The idea of wireless computer networking originated in the late 1960s, but it was not until the 1980s that the technology became feasible for commercial applications with mobile digital networks. But they were expensive and used mostly by public safety services.
Over the past 25 years, there have been at least eight different WiFi standards introduced. The basic “802.11” naming system remains, but the WiFi Alliance also began to simplify the names with terms such as “WiFi 4” in 2008. Here’s a brief look at them, showing the standard timeline.
- 1997–802.11 — This initial standard supported a maximum speed of 2Mbps and used the 2.4GHz spectrum.
- 1999–802.11b and 802.11a — These updates to the initial standard increased the maximum speed to 11 Mbps and was the first widely adopted WiFi standard among home users. Later that year, speed increased to 54Mbps in the 5Ghz band but wasn’t widely used in home networks due to the adoption of 802.11b instead.
- 2003–802.11g — This WiFi update allowed up to 54Mbps on the 2.4GHz band and became widely adopted in homes and businesses.
- 2008–802.11n — With this big update to 802.11, commonly called ‘WiFi 4,’ the maximum speed increased to a theoretical 600Mbps on either the 2.4GHz or 5GHz bands.
- 2014–802.11ac — The ‘WiFi 5’ update supported a range of speeds from 433 to 1100Mbps on the 5 GHz band.
- 2019/2020–802.11ax — ‘WiFi 6’ and ‘WiFi 6E’ yet increased speeds to 600 to 9608Mbps data rates on the 2.4, 5 or even 6GHz bands.
- TBD — 802.11be — ‘WiFi 7’ is right around the corner and promises 40Gbps data rate under ideal conditions.
Despite the 802.11 standard’s debut in 1997, it wasn’t until 1999 that the first 802.11 products became available on the market. The company that initially pushed WiFi into the mainstream the most was Apple by introducing their WiFi product, AirPort, for its iBook laptop in 1999. Their entrepreneurial and innovative approach with wireless at the core of their business plan has lead to their success today. And Apple as a major player in the smart home world.
I want to make a quick comment here regarding the ‘under ideal conditions’ statement above. Or maybe it’s a disclaimer. There are a LOT of factors that will adversely affect your WiFi throughput. All the speeds listed above are best case. As I’ve addressed in a recent post ‘Why Does My Home WiFi Stink?’ the factors that bottleneck your WiFi can range from fish tanks to home construction to your mobile device.
Once it started to catch on with technology vendors, WiFi took off pretty quickly. In 2003 when 802.11g was released, home WiFi routers from vendors such as Linksys became common. Today, 802.11n and 802.11ac are probably the most widely used standards, both operating in the 2.4GHz or 5GHz band and supporting speeds up to 600Mbps and 1.1Gbps, respectively. Smart home technology has grown up with WiFi and takes advantage of both bands. The majority uses 2.4GHz as it was first to the party and has the widest range. The slower speed isn’t a deal breaker as most smart home devices don’t require a constant WiFi connection. Their operation generally uses sporadic connections like reacting to a motion sensor or a command to turn on a light.

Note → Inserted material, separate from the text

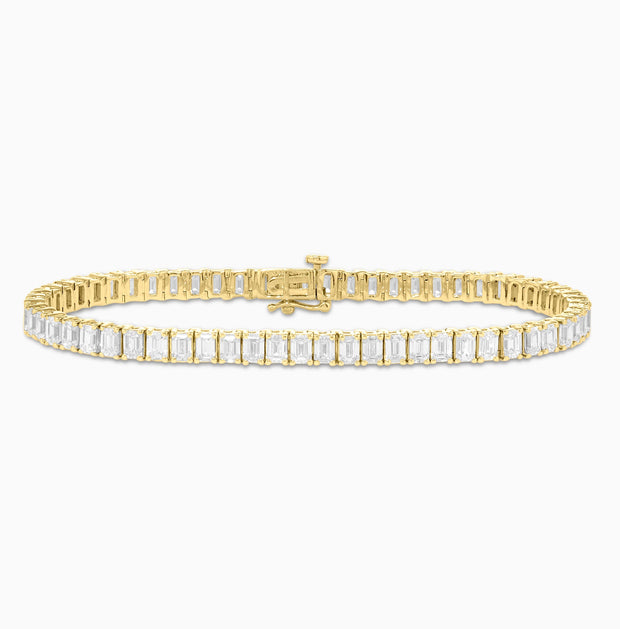 10.85 Carats Lab Grown Emerald Diamond Tennis Bracelet - The Diamond Factory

Today, WiFi technology is now built into almost every small device that connects to the internet and has allowed mobile devices and smart home technology to become practical. It’s allowed easy internet access all over public places but especially smart home devices with cloud dependencies. As smart home includes aspects of entertainment, WiFi has dramatically expanded options such as streaming audio and video. Surround sound solutions and smart TVS have taken full advantage of WiFi to take home entertainment to a whole new level. And WiFi has enabled an entire digital culture of multiplayer online gamers at home.
It’s tough to imagine what our world would be like today without WiFi. But it’s exciting to imagine where WiFi will take us in the years to come. And equally exciting to see where WiFi will go with smart home technology.
Probably more here about WiFi than you’ve ever known — or wanted to — per Debbie. I have to admit I MAY have ‘geeked out’ a little here but I really enjoy working with technology. And being able to incorporate it into my lifestyle with smart home technology is icing on the cake.
I’ve really enjoyed the comments over the past few weeks to my posts regarding wired and wireless smart home technologies. Interestingly I’ve found there are a number of my friends who are staunch home WiFi proponents and use it for all of their smart home and mobile needs. Even one who literally ran 10,000 feet of Cat5 years ago when they built their home. To each their own but I’d be taking advantage of all that wire.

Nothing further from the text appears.